Not counting the operations in Burundi in 2003, the African Union Peace and Security Council’s first major trial came within a couple of years of its foundation. The year was 2004 and the challenge to be addressed was the Darfur conflict.
The Sudanese government, fighting rebel groups in Darfur, refused to allow the UN to send peacekeeping forces into what it considered an internal African dispute. Instead, the AU was given the assignment to deploy troops. These soldiers were drawn from Nigeria, South Africa, Egypt and Rwanda.
“The most important lesson learnt in Darfur was that the UN, AU and EU recognized that they needed to cooperate more closely”, says Linnéa Gelot, researcher at the Nordic Africa Institute. 
Hybridity becomes the rule
The UN, with greatest experience of leading peace operations, wasn’t even allowed to set foot in the conflict zone. The AU, with little previous experience of such operations, was immediately thrown into a very challenging situation.
“It was clear that the government-supported Janjaweed militia would not back away from armed conflict if the AU troops got in their way,” Gelot remarks. The EU provided money, education and strategic advice.
“Multi-actor peace operations, or hybridity as they are also called, were not new in Africa, but after Darfur they became the rule rather than the exception,” she adds.
Green light for offensive strikes
The next big trial was Somalia. In 2007, the AU Peace and Security Council instituted AMISOM, the African Union Mission to Somalia, with the objective of re-establishing peace in that war-torn country. Armed AU forces were deployed to undertake so-called counter-insurgency campaigns, a new tactic.
“These involved short-term, offensive military strikes, for which both the UN and AU have given approval. This was the beginning of African involvement in the war on terrorism,” says Gelot, whose research includes an examination of AU peacekeeping forces in the field in Somalia as well as Ethiopia.
Mali dead-end exposes deficiencies
The next big trial came in 2012 in Mali, where the interim government found itself losing control to insurgent Tuareg rebels in the north. This episode exposed a crack in the AU’s peace and security structure.
The Mali government tried to gain the support of ECOWAS, the AU’s regional partner organization in West Africa. Like the AU, ECOWAS can call on multinational brigades for peace operations. “But the call for help got ensnared in diplomatic lobbying, partly because the AU’s central management and ECOWAS were unable to agree on how to share responsibility for such an intervention,” Gelot explains.
Embarrassment for the AU
As the situation continued to deteriorate, Mali’s interim government instead turned to France for military support.
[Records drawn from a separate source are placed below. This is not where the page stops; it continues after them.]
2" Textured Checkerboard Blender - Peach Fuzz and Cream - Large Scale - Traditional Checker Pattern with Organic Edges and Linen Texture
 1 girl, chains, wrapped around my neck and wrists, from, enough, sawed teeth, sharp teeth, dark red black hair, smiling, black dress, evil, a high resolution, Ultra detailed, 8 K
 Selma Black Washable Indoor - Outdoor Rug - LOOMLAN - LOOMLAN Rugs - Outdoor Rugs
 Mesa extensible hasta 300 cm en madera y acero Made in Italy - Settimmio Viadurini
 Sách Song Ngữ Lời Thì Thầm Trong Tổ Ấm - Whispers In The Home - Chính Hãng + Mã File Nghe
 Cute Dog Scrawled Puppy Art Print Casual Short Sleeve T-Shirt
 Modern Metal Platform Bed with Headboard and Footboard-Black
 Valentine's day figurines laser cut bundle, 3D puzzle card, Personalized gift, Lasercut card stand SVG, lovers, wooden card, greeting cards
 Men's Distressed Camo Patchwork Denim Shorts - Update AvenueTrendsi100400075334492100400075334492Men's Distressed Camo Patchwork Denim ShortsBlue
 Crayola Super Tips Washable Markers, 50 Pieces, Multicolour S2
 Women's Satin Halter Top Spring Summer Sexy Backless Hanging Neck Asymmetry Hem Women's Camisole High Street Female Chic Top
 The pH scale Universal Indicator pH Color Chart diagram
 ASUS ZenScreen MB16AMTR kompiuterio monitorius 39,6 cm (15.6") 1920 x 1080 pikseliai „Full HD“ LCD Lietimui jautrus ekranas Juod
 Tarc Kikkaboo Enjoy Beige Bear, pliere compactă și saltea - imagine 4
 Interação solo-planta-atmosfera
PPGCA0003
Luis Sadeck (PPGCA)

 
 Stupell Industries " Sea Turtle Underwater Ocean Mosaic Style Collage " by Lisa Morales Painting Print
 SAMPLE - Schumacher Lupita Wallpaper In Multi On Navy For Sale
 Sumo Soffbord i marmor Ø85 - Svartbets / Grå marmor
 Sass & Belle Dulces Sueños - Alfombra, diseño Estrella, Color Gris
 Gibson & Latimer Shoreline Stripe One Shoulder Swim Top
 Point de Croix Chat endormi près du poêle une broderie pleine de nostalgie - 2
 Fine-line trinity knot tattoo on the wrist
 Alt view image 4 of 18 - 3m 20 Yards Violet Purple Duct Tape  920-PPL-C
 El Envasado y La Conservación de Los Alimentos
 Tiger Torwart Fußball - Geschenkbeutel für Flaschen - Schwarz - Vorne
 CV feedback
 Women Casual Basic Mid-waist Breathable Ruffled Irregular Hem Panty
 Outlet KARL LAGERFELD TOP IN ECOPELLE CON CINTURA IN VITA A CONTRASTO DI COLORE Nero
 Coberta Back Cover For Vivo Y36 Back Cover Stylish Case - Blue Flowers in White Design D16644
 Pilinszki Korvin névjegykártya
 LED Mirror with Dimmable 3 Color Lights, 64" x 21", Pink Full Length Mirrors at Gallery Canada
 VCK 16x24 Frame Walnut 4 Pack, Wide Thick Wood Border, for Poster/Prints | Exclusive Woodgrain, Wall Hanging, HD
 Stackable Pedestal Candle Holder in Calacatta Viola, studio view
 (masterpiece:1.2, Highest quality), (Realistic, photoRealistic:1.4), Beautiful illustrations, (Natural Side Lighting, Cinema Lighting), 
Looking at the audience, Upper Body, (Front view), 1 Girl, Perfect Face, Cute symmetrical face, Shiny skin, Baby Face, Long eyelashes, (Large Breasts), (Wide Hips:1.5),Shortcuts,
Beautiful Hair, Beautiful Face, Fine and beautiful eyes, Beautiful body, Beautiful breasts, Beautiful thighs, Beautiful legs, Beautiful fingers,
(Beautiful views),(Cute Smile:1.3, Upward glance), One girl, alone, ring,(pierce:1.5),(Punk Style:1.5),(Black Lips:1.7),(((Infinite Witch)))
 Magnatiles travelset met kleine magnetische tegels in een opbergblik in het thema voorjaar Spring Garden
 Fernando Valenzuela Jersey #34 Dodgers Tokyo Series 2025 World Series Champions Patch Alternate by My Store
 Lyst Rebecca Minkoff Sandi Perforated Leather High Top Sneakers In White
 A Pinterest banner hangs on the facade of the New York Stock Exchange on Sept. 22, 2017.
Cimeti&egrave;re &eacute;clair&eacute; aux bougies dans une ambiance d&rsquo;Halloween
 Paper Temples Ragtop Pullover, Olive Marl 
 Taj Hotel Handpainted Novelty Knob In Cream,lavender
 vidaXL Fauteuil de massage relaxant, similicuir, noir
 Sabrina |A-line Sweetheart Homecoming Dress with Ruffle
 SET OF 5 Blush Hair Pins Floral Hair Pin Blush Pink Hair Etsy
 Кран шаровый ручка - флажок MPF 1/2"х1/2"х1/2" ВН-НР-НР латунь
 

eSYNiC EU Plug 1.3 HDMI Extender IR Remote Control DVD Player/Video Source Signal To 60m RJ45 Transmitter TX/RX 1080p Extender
With UN Security Council approval, France launched Opération Serval.
It was an embarrassment for the AU to cede the initiative to an ex-colonial power. However, the shortcomings exposed sparked a reform process that is likely to strengthen the AU’s peace and security architecture in many ways. “AU executives realized that greater flexibility was key to addressing situations like that in Mali,” says Gelot, who has been at AU headquarters in Addis Ababa following the internal evaluation of AU policy towards Mali.
Upgraded role for the AU
Flexibility and regional niche capacity have become watchwords in the AU Peace and Security Council’s efforts to capitalize on comparative advantage and to best complement the UN and other actors in African peacekeeping.
The conclusion is that ECOWAS and other regional partners within the AU must be allowed a freer had to find suitable cooperation partners, whether they be multinational coalitions or individual states. “The union’s peace and security work must be more customizable and innovative,” says Gelot.
It wasn’t long before the new doctrine underwent its first trial. After the collapse of the peace process in the Central African Republic and the overthrow of the government by a rebel coalition in the spring of 2013, a low-intensity civil war with ethnic overtones ensued. ECCAS, ECOWAS’s counterpart in Central Africa, intervened with a peace operation, which was later handed over to a coalition comprising the UN, AU, EU and France.
“It doesn’t seem right to call these operations successful, since they’ve been plagued by scandal, including sexual violence and child abuse. But the intervention itself can be considered one of the foremost examples of hybridity and flexibility up to the present day,”  Gelot argues.
“It is precisely this that the Ramos-Horta report praises and has led to the AU being able to position itself as an upgraded strategic partner of the UN,” she adds.

Gelot will within coming weeks visit three continents to launch The Future of African Peace Operations, a new book in which she presents her previously unpublished research results and policy conclusions.
Apart from Linnéa Gelot of the Nordic Africa Institute, the other co-editors are Cedric de Coning and John Karlsrud, researchers with Nupi, the Norwegian Institute of International Affairs.